Data extracted from a collection
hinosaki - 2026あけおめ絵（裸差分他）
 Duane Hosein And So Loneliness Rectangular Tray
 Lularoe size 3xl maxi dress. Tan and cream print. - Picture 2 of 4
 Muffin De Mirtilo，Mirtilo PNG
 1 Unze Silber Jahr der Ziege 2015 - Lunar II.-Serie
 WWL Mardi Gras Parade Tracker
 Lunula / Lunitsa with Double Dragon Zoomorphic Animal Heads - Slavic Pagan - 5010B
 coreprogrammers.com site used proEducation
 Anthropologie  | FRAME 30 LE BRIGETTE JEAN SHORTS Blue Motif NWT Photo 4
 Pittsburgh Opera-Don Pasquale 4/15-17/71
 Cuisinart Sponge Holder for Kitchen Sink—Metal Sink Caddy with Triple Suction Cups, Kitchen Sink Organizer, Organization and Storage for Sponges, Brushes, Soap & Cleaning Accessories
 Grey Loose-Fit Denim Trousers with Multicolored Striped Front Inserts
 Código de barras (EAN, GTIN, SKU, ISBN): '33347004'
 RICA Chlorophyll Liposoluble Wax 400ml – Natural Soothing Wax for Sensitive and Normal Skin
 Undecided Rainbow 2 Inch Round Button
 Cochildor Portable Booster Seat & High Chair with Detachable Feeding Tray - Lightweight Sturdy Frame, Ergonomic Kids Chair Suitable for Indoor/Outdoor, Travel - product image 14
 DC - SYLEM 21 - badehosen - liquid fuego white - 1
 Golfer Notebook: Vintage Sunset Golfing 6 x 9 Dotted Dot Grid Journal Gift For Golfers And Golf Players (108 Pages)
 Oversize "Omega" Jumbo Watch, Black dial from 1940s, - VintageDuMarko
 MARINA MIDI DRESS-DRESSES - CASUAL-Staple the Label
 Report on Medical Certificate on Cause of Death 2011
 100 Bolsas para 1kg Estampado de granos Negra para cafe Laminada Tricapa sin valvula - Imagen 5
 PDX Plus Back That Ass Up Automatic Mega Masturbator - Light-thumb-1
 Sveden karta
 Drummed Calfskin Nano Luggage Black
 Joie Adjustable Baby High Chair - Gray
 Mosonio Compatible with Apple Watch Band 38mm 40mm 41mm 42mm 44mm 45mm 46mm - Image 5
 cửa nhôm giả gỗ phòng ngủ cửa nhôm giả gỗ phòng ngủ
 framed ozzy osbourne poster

**Your assignment:** What is needed is an exact copy of the lines from the one containing "Sveden karta" through the last line of the records above, both included.

**Reply to the exercise:**
 Sveden karta
 Drummed Calfskin Nano Luggage Black
 Joie Adjustable Baby High Chair - Gray
 Mosonio Compatible with Apple Watch Band 38mm 40mm 41mm 42mm 44mm 45mm 46mm - Image 5
 cửa nhôm giả gỗ phòng ngủ cửa nhôm giả gỗ phòng ngủ
 framed ozzy osbourne poster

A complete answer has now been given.